This thriller feels like someone recalled the endless "Is Die Hard a Christmas movie?" debate and thought that mashing up the Bruce Willis classic with Home Alone and one of the many cynical portrayals of Santa Claus would make for a can't-miss hit.
The first thing to note is that, Home Alone referencing and touches of schmaltz notwithstanding, this is not a movie for kids. "Violent" is in the title for a reason. Most of the characters are thoroughly obnoxious and there's a lot of swearing (Santa uses quite a few "naughty" words himself). Most awkwardly, the filmmakers try to meld violence, suspense, black comedy and heartwarming family drama into one story. They didn't put enough effort in: the result is overlong and disappointing though watchable.
On Christmas Eve, the real Santa Claus (played by David Harbour from Stranger Things) is drinking despondently in a bar, taking a break from his duties.
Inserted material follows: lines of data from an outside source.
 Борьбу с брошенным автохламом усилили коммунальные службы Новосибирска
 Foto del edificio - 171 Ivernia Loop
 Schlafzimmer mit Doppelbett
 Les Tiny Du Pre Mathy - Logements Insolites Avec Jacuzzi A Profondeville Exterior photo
He's disillusioned by kids' evergrowing greed (not thinking he might have had something to do with it.)
Meanwhile, the Lightstone clan gather at the estate of wealthy matriarch Gertrude (Beverly D'Angelo). She's one of those parents who uses money to extort devotion from her adult children. Daughter Alva (Edi Patterson) and her actor husband Morgan Steele (Cam Gigandet) suck up to Gertrude while their teenage son Bertrude (Alexander Elliott) - so named in a naked attempt to curry favour - spends his time online.
More sympathetic is Gertrude's son Jason (Alex Hassell) who has persuaded his estranged wife Linda (Alexis Louder) to come in order to give their daughter Trudy (Leah Brady) a nice Christmas. So far, so awkward, but things get soon get much worse.
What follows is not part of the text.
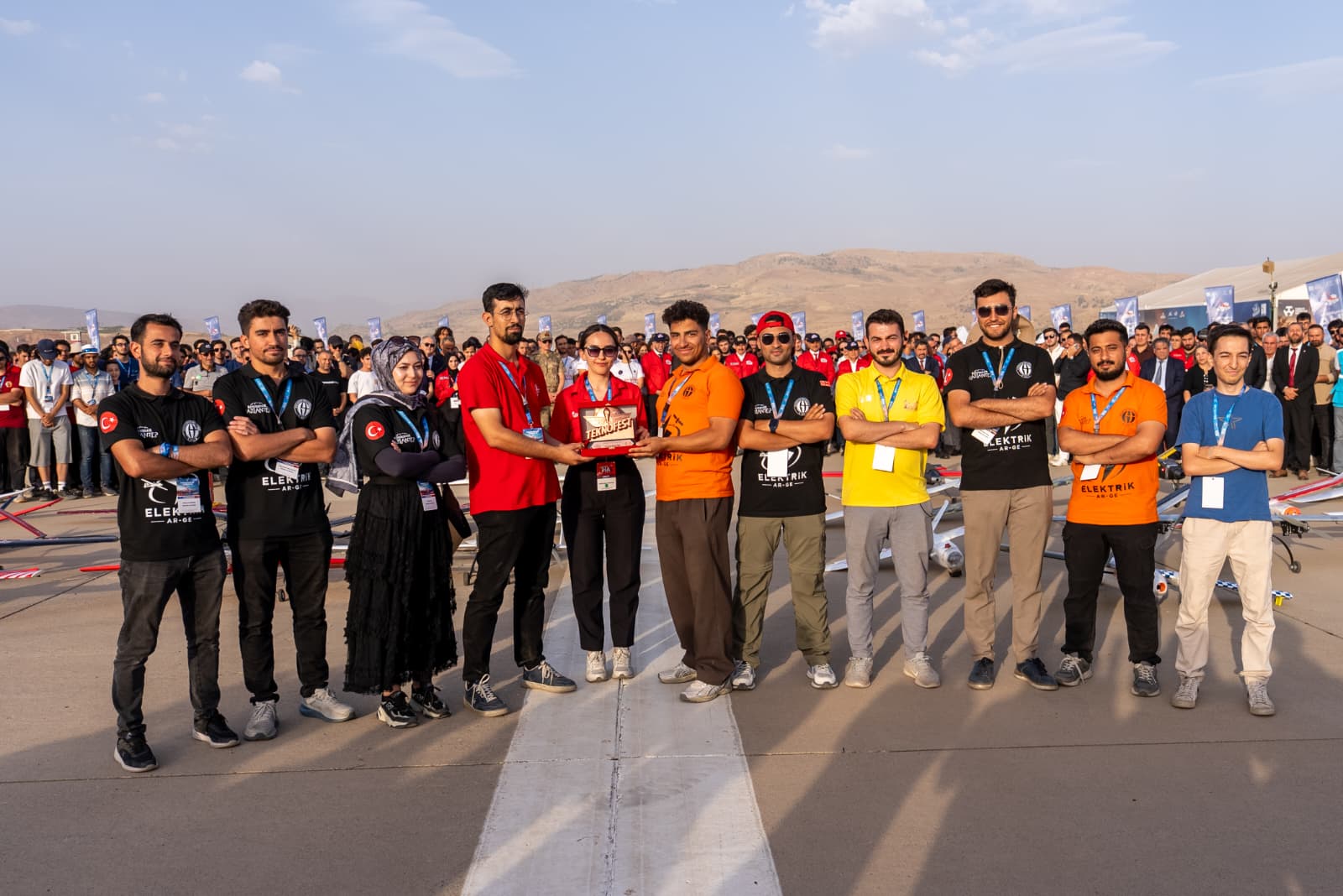 GAÜN’ÜN ELEKTRİK AR-GE TAKIMI TEKNOFEST’TE EN İYİ SİSTEM MİMARİSİ ÖDÜLÜ KAZANDI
A group of ruthless mercenaries led by "Scrooge" (John Leguizamo) invades the house. They know there's a huge amount of money in the basement vault, and they want it.
Things look grim until Santa makes his way to the Lightstone estate and realises what's happening. Can he channel his inner Bruce Willis and use both smarts and strengths to save the day?
Norwegian director Tommy Wirkola (Hansel & Gretel: Witch Hunters) has a very uneven screenplay with which to work. Sonic the Hedgehog writers Pat Casey and Josh Miller tried, as noted, to cover a lot of ground, not too successfully.
There are longeurs including seemingly endless segments of Santa trying out a massage chair and conversing magically on a walkie-talkie with Trudy. There are also a lot of contrivances. One minute Santa is supernaturally powerful, the next he's humanly vulnerable, and it's vaguely explained that he doesn't know how "Christmas magic" works (how long's he been at this job?)
Technical credits here are solid - the score incorporates snatches of Christmas carols, the production design looks lavish as befitting the wealthy estate in which the film is set - though the special effects are sometimes good rather than great.
The actors are all capable but the characters they're given are mostly thin: they, and we, deserved better. Leguizamo is quality casting as the main villain but the attempt at a tragic backstory falls flat. Most of the Lightstone family don't progress beyond selfish snarkiness and are granted neither wit nor convincing redemption. Brady is appealing as the little girl who ends up as inventive as Macaulay Culkin in setting up booby traps but there's more sadism than slapstick here. Santa also dishes out a lot of brutality but then the villains here are naughty indeed. Maybe a bigger, responsive audience than the one I had at Dendy would have added to the enjoyment.
The film should have stuck to its guns, literally and figuratively, and stayed a dark action comedy rather than trying to tug at the heartstrings.